_Work item:_
Every entry below must be copied exactly, with nothing left out.

_Recorded data:_
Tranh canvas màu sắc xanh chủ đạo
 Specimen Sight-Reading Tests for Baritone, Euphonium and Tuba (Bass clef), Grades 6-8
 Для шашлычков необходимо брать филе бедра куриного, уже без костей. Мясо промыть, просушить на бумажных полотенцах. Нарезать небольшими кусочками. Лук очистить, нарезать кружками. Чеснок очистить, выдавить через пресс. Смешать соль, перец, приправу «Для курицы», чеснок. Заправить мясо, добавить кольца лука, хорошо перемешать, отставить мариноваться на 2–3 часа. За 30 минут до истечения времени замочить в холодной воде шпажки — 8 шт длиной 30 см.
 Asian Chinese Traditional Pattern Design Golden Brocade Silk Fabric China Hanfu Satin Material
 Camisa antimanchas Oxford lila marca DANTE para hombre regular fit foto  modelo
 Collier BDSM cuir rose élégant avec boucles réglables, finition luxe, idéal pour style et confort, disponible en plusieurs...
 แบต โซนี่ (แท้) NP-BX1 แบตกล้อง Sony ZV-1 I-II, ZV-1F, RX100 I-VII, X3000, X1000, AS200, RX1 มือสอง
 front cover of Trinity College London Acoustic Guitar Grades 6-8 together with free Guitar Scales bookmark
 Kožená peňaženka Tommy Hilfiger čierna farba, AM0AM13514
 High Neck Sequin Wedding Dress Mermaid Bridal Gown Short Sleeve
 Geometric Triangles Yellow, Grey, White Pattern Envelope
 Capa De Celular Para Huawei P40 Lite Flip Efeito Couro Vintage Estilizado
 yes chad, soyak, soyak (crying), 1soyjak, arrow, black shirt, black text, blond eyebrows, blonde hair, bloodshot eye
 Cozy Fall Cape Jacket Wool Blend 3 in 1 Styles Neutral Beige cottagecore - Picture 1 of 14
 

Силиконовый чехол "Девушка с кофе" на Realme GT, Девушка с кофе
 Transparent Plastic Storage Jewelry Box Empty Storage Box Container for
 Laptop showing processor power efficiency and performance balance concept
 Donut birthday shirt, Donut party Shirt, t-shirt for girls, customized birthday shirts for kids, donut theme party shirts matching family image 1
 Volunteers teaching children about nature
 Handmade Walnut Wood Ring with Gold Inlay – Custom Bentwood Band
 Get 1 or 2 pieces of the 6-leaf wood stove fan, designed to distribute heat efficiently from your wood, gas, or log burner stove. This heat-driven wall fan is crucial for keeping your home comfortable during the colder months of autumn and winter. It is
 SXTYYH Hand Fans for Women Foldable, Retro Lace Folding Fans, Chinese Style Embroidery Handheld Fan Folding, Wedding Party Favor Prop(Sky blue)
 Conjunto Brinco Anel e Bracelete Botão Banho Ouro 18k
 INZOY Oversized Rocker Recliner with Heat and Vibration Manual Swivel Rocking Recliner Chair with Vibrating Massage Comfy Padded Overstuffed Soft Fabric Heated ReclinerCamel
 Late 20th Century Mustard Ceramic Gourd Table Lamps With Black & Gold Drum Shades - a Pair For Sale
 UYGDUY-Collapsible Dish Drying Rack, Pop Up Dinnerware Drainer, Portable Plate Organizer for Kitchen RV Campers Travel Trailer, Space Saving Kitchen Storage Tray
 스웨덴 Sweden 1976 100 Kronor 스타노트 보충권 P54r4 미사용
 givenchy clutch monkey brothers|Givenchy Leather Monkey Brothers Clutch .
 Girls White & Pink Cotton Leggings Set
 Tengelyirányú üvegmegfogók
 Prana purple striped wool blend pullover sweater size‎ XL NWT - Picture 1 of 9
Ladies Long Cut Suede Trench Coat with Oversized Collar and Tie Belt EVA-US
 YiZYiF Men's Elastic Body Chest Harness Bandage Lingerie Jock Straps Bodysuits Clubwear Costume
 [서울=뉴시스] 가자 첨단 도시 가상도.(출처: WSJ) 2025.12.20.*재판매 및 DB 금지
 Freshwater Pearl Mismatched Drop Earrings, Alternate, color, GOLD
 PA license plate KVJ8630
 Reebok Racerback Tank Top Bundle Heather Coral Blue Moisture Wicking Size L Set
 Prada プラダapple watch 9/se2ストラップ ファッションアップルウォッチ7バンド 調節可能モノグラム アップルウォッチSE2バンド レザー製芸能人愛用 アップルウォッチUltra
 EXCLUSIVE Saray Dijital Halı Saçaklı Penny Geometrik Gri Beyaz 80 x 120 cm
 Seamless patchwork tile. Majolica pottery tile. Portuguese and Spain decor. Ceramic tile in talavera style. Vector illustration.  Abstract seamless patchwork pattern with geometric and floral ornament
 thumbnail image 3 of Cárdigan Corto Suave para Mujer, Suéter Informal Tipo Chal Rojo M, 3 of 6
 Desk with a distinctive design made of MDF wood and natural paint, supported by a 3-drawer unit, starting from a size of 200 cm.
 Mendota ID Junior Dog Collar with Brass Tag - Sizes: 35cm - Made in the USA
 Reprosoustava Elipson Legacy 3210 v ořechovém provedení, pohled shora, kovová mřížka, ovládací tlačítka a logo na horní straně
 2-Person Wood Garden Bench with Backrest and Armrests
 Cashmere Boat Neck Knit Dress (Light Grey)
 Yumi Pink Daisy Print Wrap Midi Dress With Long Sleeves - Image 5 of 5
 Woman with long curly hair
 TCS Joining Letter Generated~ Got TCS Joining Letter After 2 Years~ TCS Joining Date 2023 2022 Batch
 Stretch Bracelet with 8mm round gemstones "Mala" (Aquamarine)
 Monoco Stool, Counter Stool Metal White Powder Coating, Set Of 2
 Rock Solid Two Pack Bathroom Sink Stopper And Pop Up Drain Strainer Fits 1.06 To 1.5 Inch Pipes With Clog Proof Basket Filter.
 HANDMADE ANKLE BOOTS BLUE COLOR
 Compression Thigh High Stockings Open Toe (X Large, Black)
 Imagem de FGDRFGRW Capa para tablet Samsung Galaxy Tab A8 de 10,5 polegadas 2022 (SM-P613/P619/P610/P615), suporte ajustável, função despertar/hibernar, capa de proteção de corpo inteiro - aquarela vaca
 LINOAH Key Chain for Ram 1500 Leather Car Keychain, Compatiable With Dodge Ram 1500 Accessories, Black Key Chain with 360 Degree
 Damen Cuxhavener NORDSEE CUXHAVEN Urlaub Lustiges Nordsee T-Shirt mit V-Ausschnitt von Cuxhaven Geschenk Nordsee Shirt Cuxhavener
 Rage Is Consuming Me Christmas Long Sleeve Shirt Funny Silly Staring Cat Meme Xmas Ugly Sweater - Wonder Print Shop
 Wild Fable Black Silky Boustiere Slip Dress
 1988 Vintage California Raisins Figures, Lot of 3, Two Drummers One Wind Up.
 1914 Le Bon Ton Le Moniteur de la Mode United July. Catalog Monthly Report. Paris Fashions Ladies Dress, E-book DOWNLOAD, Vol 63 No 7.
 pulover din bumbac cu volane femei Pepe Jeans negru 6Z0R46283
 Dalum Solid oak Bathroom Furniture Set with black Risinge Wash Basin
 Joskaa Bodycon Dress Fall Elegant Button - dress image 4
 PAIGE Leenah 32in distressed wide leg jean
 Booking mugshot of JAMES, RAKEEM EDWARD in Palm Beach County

_Task solution:_
Tranh canvas màu sắc xanh chủ đạo
 Specimen Sight-Reading Tests for Baritone, Euphonium and Tuba (Bass clef), Grades 6-8
 Для шашлычков необходимо брать филе бедра куриного, уже без костей. Мясо промыть, просушить на бумажных полотенцах. Нарезать небольшими кусочками. Лук очистить, нарезать кружками. Чеснок очистить, выдавить через пресс. Смешать соль, перец, приправу «Для курицы», чеснок. Заправить мясо, добавить кольца лука, хорошо перемешать, отставить мариноваться на 2–3 часа. За 30 минут до истечения времени замочить в холодной воде шпажки — 8 шт длиной 30 см.
 Asian Chinese Traditional Pattern Design Golden Brocade Silk Fabric China Hanfu Satin Material
 Camisa antimanchas Oxford lila marca DANTE para hombre regular fit foto  modelo
 Collier BDSM cuir rose élégant avec boucles réglables, finition luxe, idéal pour style et confort, disponible en plusieurs...
 แบต โซนี่ (แท้) NP-BX1 แบตกล้อง Sony ZV-1 I-II, ZV-1F, RX100 I-VII, X3000, X1000, AS200, RX1 มือสอง
 front cover of Trinity College London Acoustic Guitar Grades 6-8 together with free Guitar Scales bookmark
 Kožená peňaženka Tommy Hilfiger čierna farba, AM0AM13514
 High Neck Sequin Wedding Dress Mermaid Bridal Gown Short Sleeve
 Geometric Triangles Yellow, Grey, White Pattern Envelope
 Capa De Celular Para Huawei P40 Lite Flip Efeito Couro Vintage Estilizado
 yes chad, soyak, soyak (crying), 1soyjak, arrow, black shirt, black text, blond eyebrows, blonde hair, bloodshot eye
 Cozy Fall Cape Jacket Wool Blend 3 in 1 Styles Neutral Beige cottagecore - Picture 1 of 14
 

Силиконовый чехол "Девушка с кофе" на Realme GT, Девушка с кофе
 Transparent Plastic Storage Jewelry Box Empty Storage Box Container for
 Laptop showing processor power efficiency and performance balance concept
 Donut birthday shirt, Donut party Shirt, t-shirt for girls, customized birthday shirts for kids, donut theme party shirts matching family image 1
 Volunteers teaching children about nature
 Handmade Walnut Wood Ring with Gold Inlay – Custom Bentwood Band
 Get 1 or 2 pieces of the 6-leaf wood stove fan, designed to distribute heat efficiently from your wood, gas, or log burner stove. This heat-driven wall fan is crucial for keeping your home comfortable during the colder months of autumn and winter. It is
 SXTYYH Hand Fans for Women Foldable, Retro Lace Folding Fans, Chinese Style Embroidery Handheld Fan Folding, Wedding Party Favor Prop(Sky blue)
 Conjunto Brinco Anel e Bracelete Botão Banho Ouro 18k
 INZOY Oversized Rocker Recliner with Heat and Vibration Manual Swivel Rocking Recliner Chair with Vibrating Massage Comfy Padded Overstuffed Soft Fabric Heated ReclinerCamel
 Late 20th Century Mustard Ceramic Gourd Table Lamps With Black & Gold Drum Shades - a Pair For Sale
 UYGDUY-Collapsible Dish Drying Rack, Pop Up Dinnerware Drainer, Portable Plate Organizer for Kitchen RV Campers Travel Trailer, Space Saving Kitchen Storage Tray
 스웨덴 Sweden 1976 100 Kronor 스타노트 보충권 P54r4 미사용
 givenchy clutch monkey brothers|Givenchy Leather Monkey Brothers Clutch .
 Girls White & Pink Cotton Leggings Set
 Tengelyirányú üvegmegfogók
 Prana purple striped wool blend pullover sweater size‎ XL NWT - Picture 1 of 9
Ladies Long Cut Suede Trench Coat with Oversized Collar and Tie Belt EVA-US
 YiZYiF Men's Elastic Body Chest Harness Bandage Lingerie Jock Straps Bodysuits Clubwear Costume
 [서울=뉴시스] 가자 첨단 도시 가상도.(출처: WSJ) 2025.12.20.*재판매 및 DB 금지
 Freshwater Pearl Mismatched Drop Earrings, Alternate, color, GOLD
 PA license plate KVJ8630
 Reebok Racerback Tank Top Bundle Heather Coral Blue Moisture Wicking Size L Set
 Prada プラダapple watch 9/se2ストラップ ファッションアップルウォッチ7バンド 調節可能モノグラム アップルウォッチSE2バンド レザー製芸能人愛用 アップルウォッチUltra
 EXCLUSIVE Saray Dijital Halı Saçaklı Penny Geometrik Gri Beyaz 80 x 120 cm
 Seamless patchwork tile. Majolica pottery tile. Portuguese and Spain decor. Ceramic tile in talavera style. Vector illustration.  Abstract seamless patchwork pattern with geometric and floral ornament
 thumbnail image 3 of Cárdigan Corto Suave para Mujer, Suéter Informal Tipo Chal Rojo M, 3 of 6
 Desk with a distinctive design made of MDF wood and natural paint, supported by a 3-drawer unit, starting from a size of 200 cm.
 Mendota ID Junior Dog Collar with Brass Tag - Sizes: 35cm - Made in the USA
 Reprosoustava Elipson Legacy 3210 v ořechovém provedení, pohled shora, kovová mřížka, ovládací tlačítka a logo na horní straně
 2-Person Wood Garden Bench with Backrest and Armrests
 Cashmere Boat Neck Knit Dress (Light Grey)
 Yumi Pink Daisy Print Wrap Midi Dress With Long Sleeves - Image 5 of 5
 Woman with long curly hair
 TCS Joining Letter Generated~ Got TCS Joining Letter After 2 Years~ TCS Joining Date 2023 2022 Batch
 Stretch Bracelet with 8mm round gemstones "Mala" (Aquamarine)
 Monoco Stool, Counter Stool Metal White Powder Coating, Set Of 2
 Rock Solid Two Pack Bathroom Sink Stopper And Pop Up Drain Strainer Fits 1.06 To 1.5 Inch Pipes With Clog Proof Basket Filter.
 HANDMADE ANKLE BOOTS BLUE COLOR
 Compression Thigh High Stockings Open Toe (X Large, Black)
 Imagem de FGDRFGRW Capa para tablet Samsung Galaxy Tab A8 de 10,5 polegadas 2022 (SM-P613/P619/P610/P615), suporte ajustável, função despertar/hibernar, capa de proteção de corpo inteiro - aquarela vaca
 LINOAH Key Chain for Ram 1500 Leather Car Keychain, Compatiable With Dodge Ram 1500 Accessories, Black Key Chain with 360 Degree
 Damen Cuxhavener NORDSEE CUXHAVEN Urlaub Lustiges Nordsee T-Shirt mit V-Ausschnitt von Cuxhaven Geschenk Nordsee Shirt Cuxhavener
 Rage Is Consuming Me Christmas Long Sleeve Shirt Funny Silly Staring Cat Meme Xmas Ugly Sweater - Wonder Print Shop
 Wild Fable Black Silky Boustiere Slip Dress
 1988 Vintage California Raisins Figures, Lot of 3, Two Drummers One Wind Up.
 1914 Le Bon Ton Le Moniteur de la Mode United July. Catalog Monthly Report. Paris Fashions Ladies Dress, E-book DOWNLOAD, Vol 63 No 7.
 pulover din bumbac cu volane femei Pepe Jeans negru 6Z0R46283
 Dalum Solid oak Bathroom Furniture Set with black Risinge Wash Basin
 Joskaa Bodycon Dress Fall Elegant Button - dress image 4
 PAIGE Leenah 32in distressed wide leg jean
 Booking mugshot of JAMES, RAKEEM EDWARD in Palm Beach County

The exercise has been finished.